The HVACP experimental design consists of a small amount of oil placed inside a plasma-filled container, which is then placed inside a bag filled with a hydrogen-blend gas. As the gas fills the bag, two electrodes discharge up to 90 kilowatts of electricity through the chamber, splitting the hydrogen molecules in the gas into ions. These ions bond with the double bonds in the fatty acid molecules on the surface of the oil.

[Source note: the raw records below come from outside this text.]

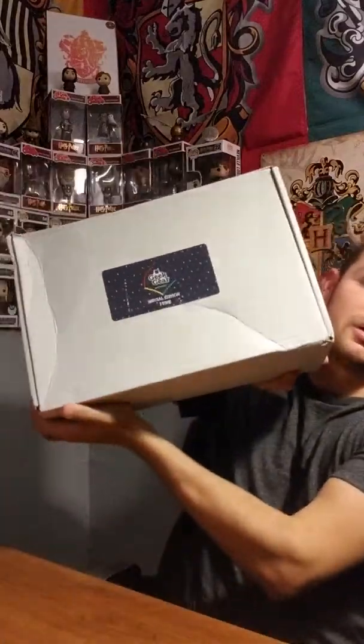Hey guys, what's up? It's Dustin and I'm back with another unboxing video today. We're going to be unboxing the June Geek Gear Wizardry box — the special edition box they've started doing every other month. It came a couple days later than the regular box. I'll start by saying I buy these; they don't send them to me, so you'll get an honest review on everything in this box.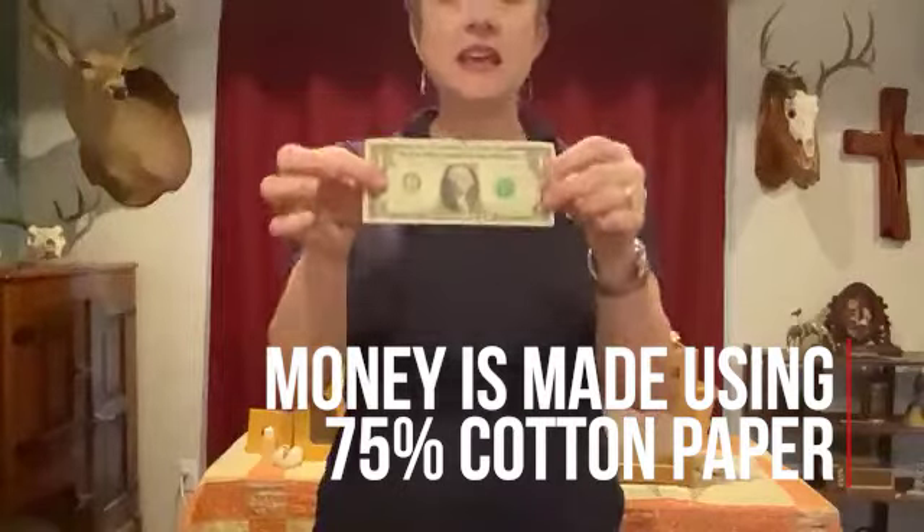Even if I forget about this dollar and leave it in my pocket when I get home and it gets washed in the washing machine — you know what? We'll have clean money! It won't fall apart like regular paper because it's cotton.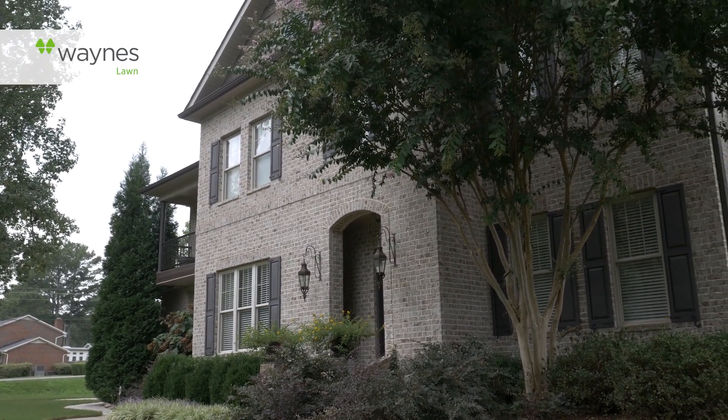Remember to keep leaves and debris off turf areas this fall as they accumulate. Thank you for trusting Waynes and make it a great day.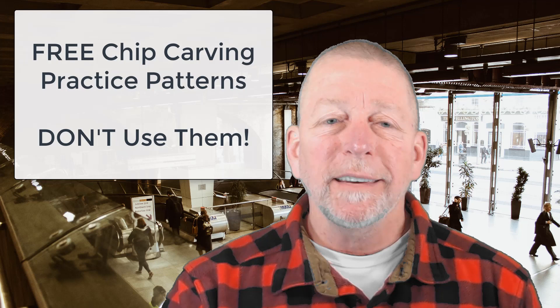Watch this two-minute video until the end, and I'll give you some free chip carving practice patterns that I don't want you to use.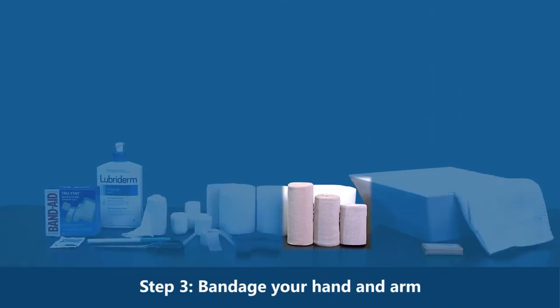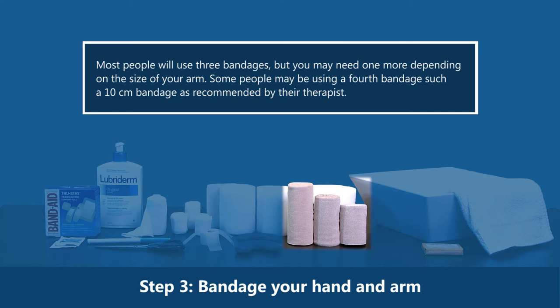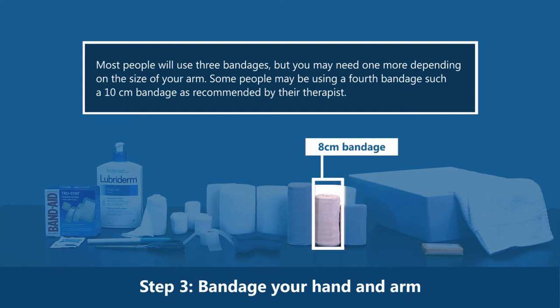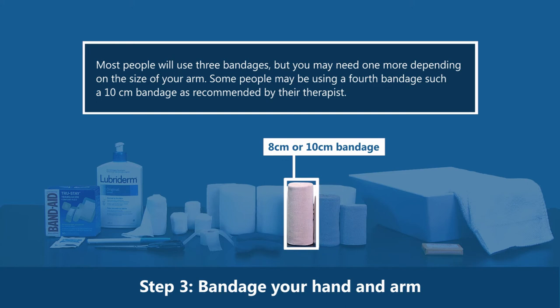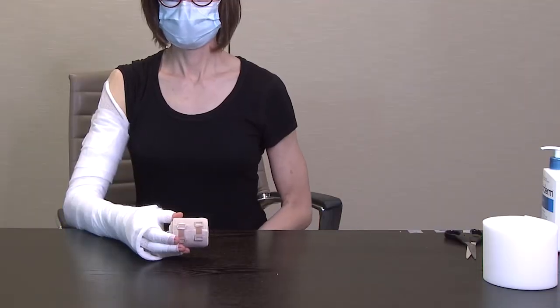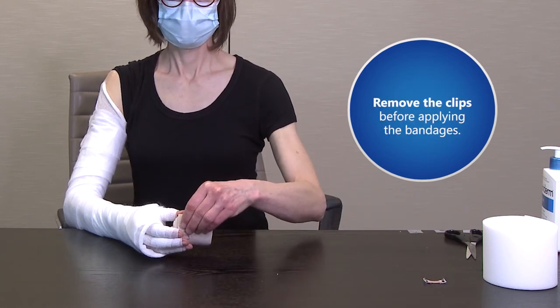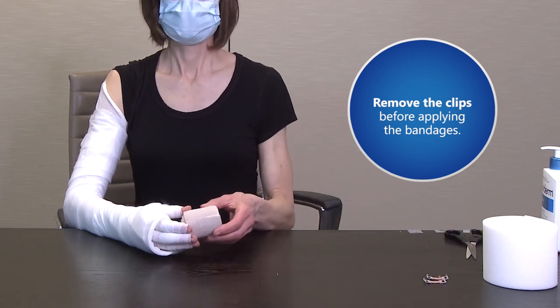Step 3: Bandage your hand and arm. Most people will use three bandages, but you may need one more depending on the size of your arm. Bandage 1 is a 6 cm bandage, Bandage 2 is an 8 cm bandage, and Bandage 3 is an 8 cm or 10 cm bandage. Some people may use a fourth 10 cm bandage as recommended by their therapist. The bandages come with two small clips — do not use the clips as they have sharp prongs that may cut your skin. Remove the clips before applying the bandages and use surgical tape instead.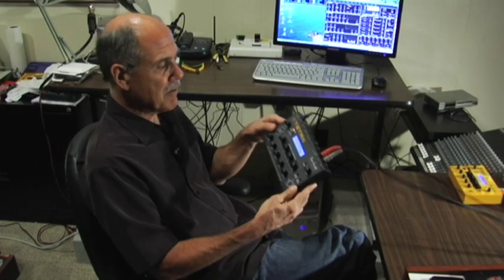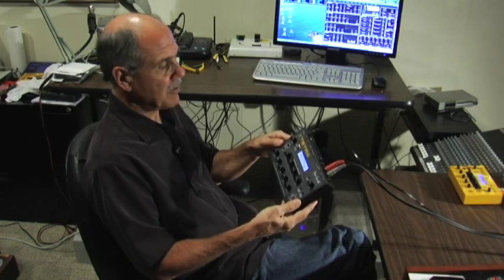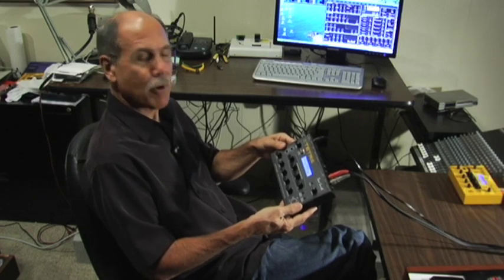Hi, Dave Smith here with my new Tetra synth. Tetra means four, and that's basically what this is. It's four Mophos in a box, or you can think of it as half of a Prophet 08 — a Prophet 4.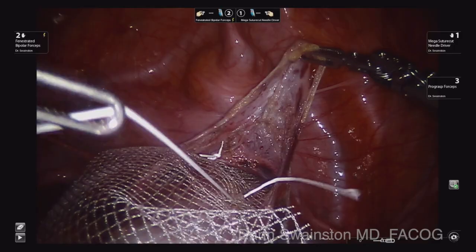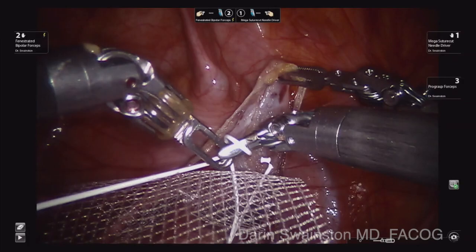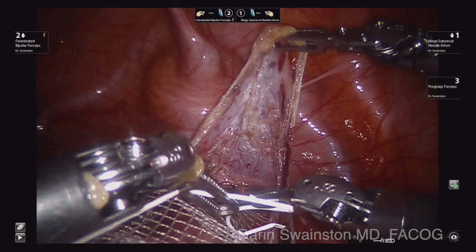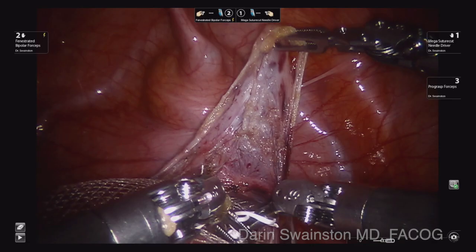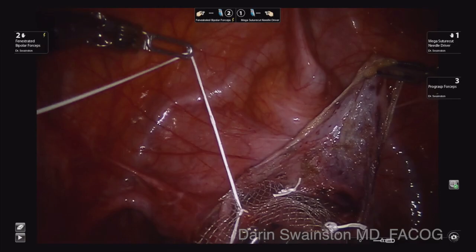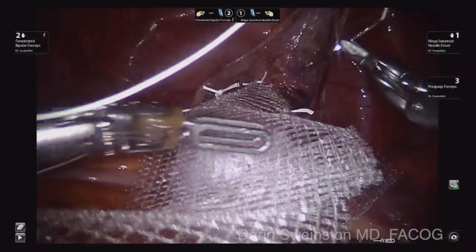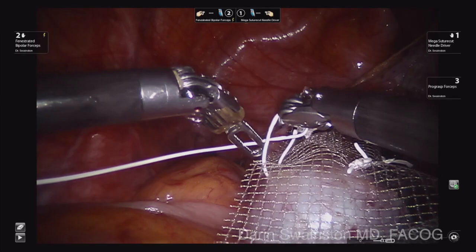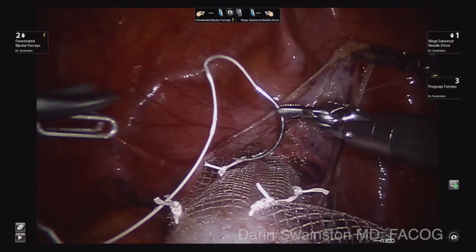How many sutures to place — that is the six million dollar question. We do not want to put too many and we do not want to do too little. Anterior I went a little less than normal, and posterior I probably put a little more. Some people actually run a V-lock after doing a few tacks to make sure the mesh is married to the vaginal mucosa. I do not think that is necessary, and then you have that V-lock suture pulling on all the vaginal mucosa, which I do not love. I have sped this up to eight times speed so that once you see how I figure out where to place it, it is just all about tacking these in.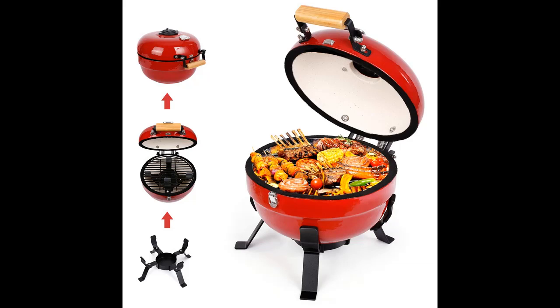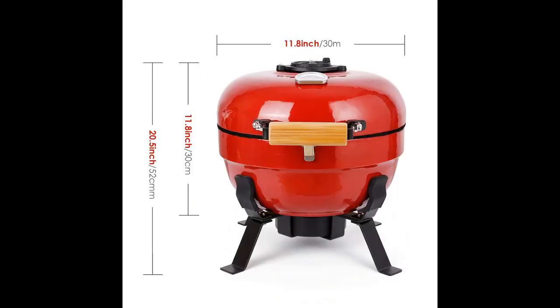Travel with taste, or grill up a quick meal on your patio with this portable charcoal grill. The compact size with larger grilling area and convenient carry handle is perfect for any weekend getaway or spontaneous day at the beach.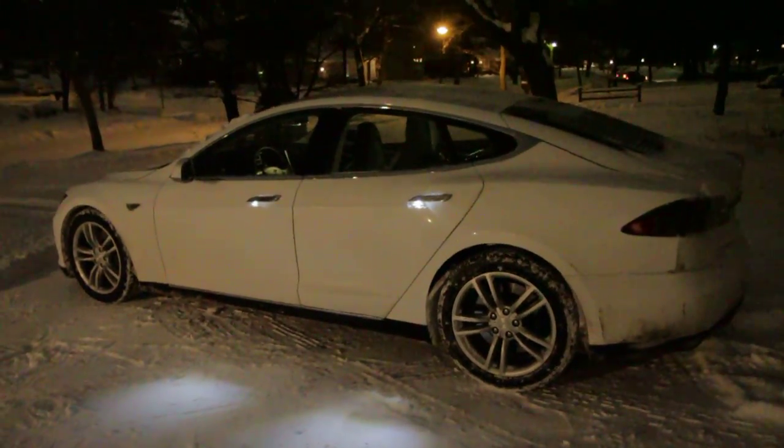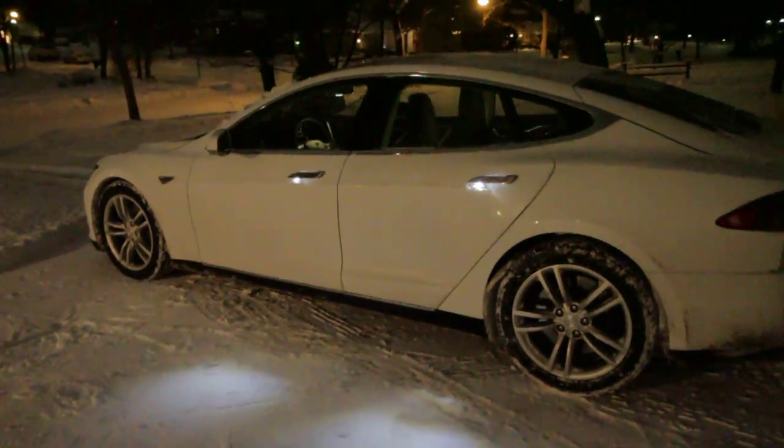Here I'm going to do a little test with the Model S and the summon feature. I want to see if you can summon it through snow.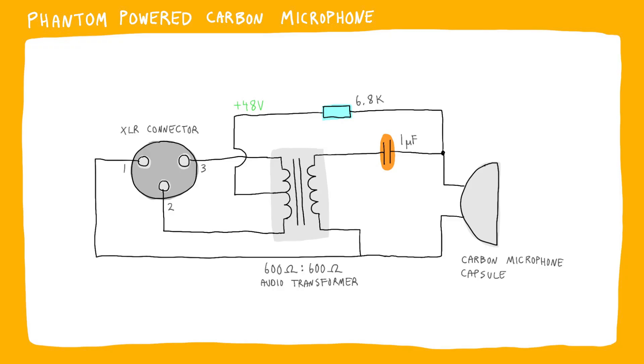The carbon capsules do require power, so you need phantom power for a microphone like this to work. I found a very simple circuit from a YouTube video, and I'll link the video in the description. All you need for the circuit is a transformer, a resistor, and a capacitor. The transformer needs to have a center tap on one of the sides, so it needs to have three wires coming from one of the sides.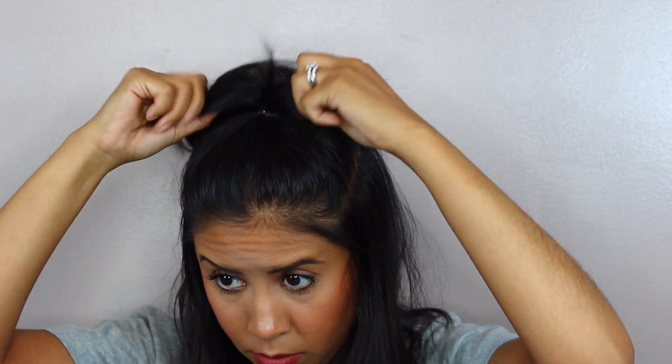The rubber band should be tiny because it's just easier to layer on top and it doesn't have to be so bulky. At this point, you can also decide if you wanted to wave or curl out the bottom sections — it's kind of easy because you don't have to do the whole head.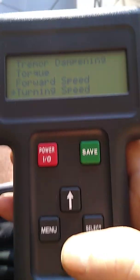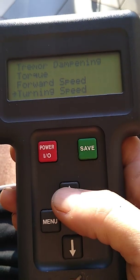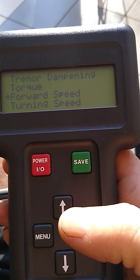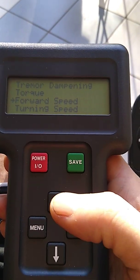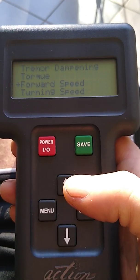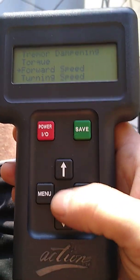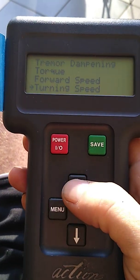This chair was set at 90% forward speed from the factory — almost at top speed — but acceleration was set around 40%, and the turning was similarly limited. I'm going to show you what it looks like going from those factory settings to a reasonable, more optimized configuration.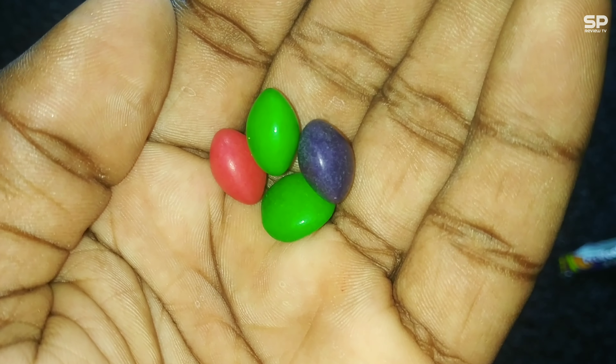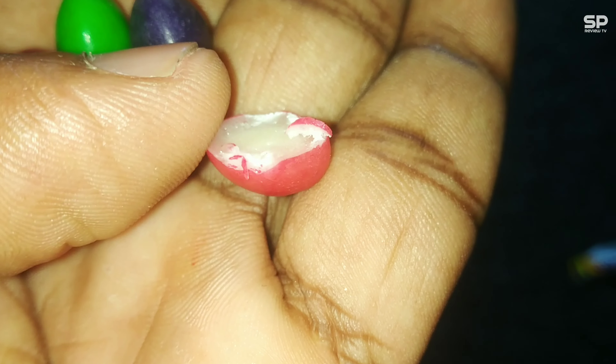Okay friends, first I thought this one is a gems-type chocolate but it's not. It's like a chewy dragee, just like Mentos. There are 3 chewy dragees in one packet and it's available in 4 flavors.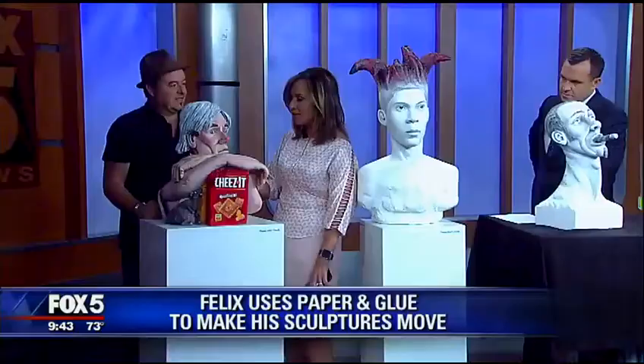Felix, welcome, sir, nice to see you. How are you? So how did you get the idea for this movable art — is it movable art? Yeah, it is movable. I've always been fascinated with animation and with things that move. So the next step was just to make — I love sculptures, so I wanted to make a sculpture move. As an artist, I've always been involved with paper.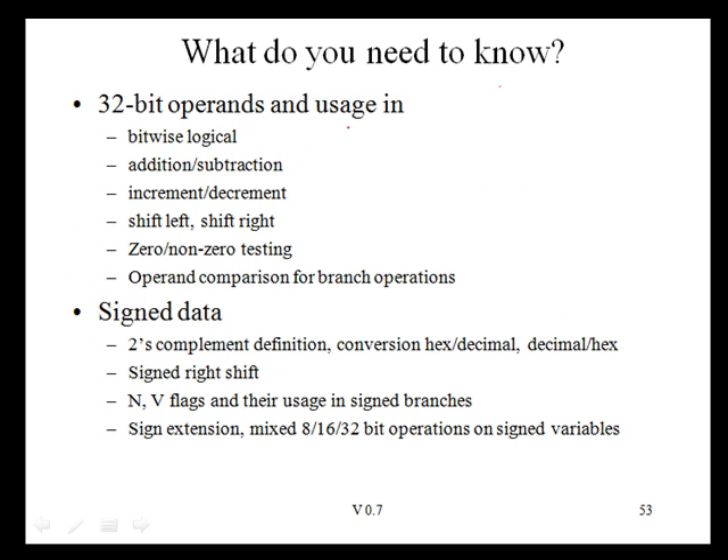This concludes our discussion of topics in Chapter 5. The two main topics were 32-bit operands and signed data. For 32-bit operands, we covered bitwise logical operations, addition and subtraction, increment/decrement, shift left and right, zero and non-zero testing, and operand comparison for branches. For signed data, we covered two's complement representation, conversion between hex and decimal, signed right shift, negative and overflow flag definitions and their use in signed branches, and signed extension for mixed 8-bit, 16-bit, and 32-bit operations.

Currently, a typical hydrogenation reaction might produce only a 3 percent increase in saturated fatty acids while increasing the formation of trans fats by up to 40 percent. But after a 12-hour HVACP treatment, the oil showed a 32.3 percent increase in saturated fatty acids and no trans fats. This ratio not only means that the finished product is safer for human consumption, Keener said, but also that the HVACP process is more efficient than traditional processes.
"Because there is no requirement for pressure, catalyst or heat, this process requires up to 50 percent less energy than the current process," he said. "If you wanted to adapt this for commercial use, you would not be limited by power."
The researchers said that two main obstacles still exist in adapting the process for commercial use. The first is that the HVACP procedure yields a small amount of byproduct that the researchers have not yet identified. This could be an alternate form of trans fat or a similar substance, said Yépez. The team will manipulate the parameters of the experiment to better understand where the substance comes from and what it might be.
The second obstacle the researchers face is speed. While the process creates more product than heat-based hydrogenation, it is much slower. Yépez and Keener are trying several approaches to make the process faster, including increasing the amount of electricity discharged through the chamber and spraying the oil into the chamber as droplets.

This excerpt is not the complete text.